[Spatial localization data]
•••••

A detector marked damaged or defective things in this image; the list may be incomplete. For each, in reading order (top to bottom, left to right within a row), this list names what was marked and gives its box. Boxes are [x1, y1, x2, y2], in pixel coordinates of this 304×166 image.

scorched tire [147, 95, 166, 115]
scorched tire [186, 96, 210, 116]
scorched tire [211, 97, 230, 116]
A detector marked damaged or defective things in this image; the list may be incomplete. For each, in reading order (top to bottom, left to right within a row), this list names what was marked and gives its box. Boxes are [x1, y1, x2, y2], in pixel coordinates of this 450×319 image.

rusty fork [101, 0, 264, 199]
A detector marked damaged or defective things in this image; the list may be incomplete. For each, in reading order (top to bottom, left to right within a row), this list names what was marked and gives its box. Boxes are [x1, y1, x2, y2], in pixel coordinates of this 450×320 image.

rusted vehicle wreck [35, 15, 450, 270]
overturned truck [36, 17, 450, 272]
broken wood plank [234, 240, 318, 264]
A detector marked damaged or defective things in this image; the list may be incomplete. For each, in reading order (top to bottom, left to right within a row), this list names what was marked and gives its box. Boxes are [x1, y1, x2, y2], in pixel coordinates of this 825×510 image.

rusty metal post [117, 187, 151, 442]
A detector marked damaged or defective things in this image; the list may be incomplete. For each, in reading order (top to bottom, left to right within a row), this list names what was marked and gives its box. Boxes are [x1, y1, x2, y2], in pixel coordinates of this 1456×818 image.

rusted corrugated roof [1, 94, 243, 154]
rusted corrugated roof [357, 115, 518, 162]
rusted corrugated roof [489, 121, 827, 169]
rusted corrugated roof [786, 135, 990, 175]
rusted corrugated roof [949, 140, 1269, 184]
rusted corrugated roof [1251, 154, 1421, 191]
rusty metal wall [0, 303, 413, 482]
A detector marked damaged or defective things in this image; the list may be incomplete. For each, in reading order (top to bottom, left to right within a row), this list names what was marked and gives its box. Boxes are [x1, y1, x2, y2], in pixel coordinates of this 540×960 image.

•••••

**WHAT THE EXERCISE ASKS:** Print each of the lines above again, unchanged.

**ANSWER:**
A detector marked damaged or defective things in this image; the list may be incomplete. For each, in reading order (top to bottom, left to right within a row), this list names what was marked and gives its box. Boxes are [x1, y1, x2, y2], in pixel coordinates of this 304×166 image.

scorched tire [147, 95, 166, 115]
scorched tire [186, 96, 210, 116]
scorched tire [211, 97, 230, 116]
A detector marked damaged or defective things in this image; the list may be incomplete. For each, in reading order (top to bottom, left to right within a row), this list names what was marked and gives its box. Boxes are [x1, y1, x2, y2], in pixel coordinates of this 450×319 image.

rusty fork [101, 0, 264, 199]
A detector marked damaged or defective things in this image; the list may be incomplete. For each, in reading order (top to bottom, left to right within a row), this list names what was marked and gives its box. Boxes are [x1, y1, x2, y2], in pixel coordinates of this 450×320 image.

rusted vehicle wreck [35, 15, 450, 270]
overturned truck [36, 17, 450, 272]
broken wood plank [234, 240, 318, 264]
A detector marked damaged or defective things in this image; the list may be incomplete. For each, in reading order (top to bottom, left to right within a row), this list names what was marked and gives its box. Boxes are [x1, y1, x2, y2], in pixel coordinates of this 825×510 image.

rusty metal post [117, 187, 151, 442]
A detector marked damaged or defective things in this image; the list may be incomplete. For each, in reading order (top to bottom, left to right within a row), this list names what was marked and gives its box. Boxes are [x1, y1, x2, y2], in pixel coordinates of this 1456×818 image.

rusted corrugated roof [1, 94, 243, 154]
rusted corrugated roof [357, 115, 518, 162]
rusted corrugated roof [489, 121, 827, 169]
rusted corrugated roof [786, 135, 990, 175]
rusted corrugated roof [949, 140, 1269, 184]
rusted corrugated roof [1251, 154, 1421, 191]
rusty metal wall [0, 303, 413, 482]
A detector marked damaged or defective things in this image; the list may be incomplete. For each, in reading order (top to bottom, left to right within a row), this list names what was marked and gives its box. Boxes are [x1, y1, x2, y2], in pixel coordinates of this 540×960 image.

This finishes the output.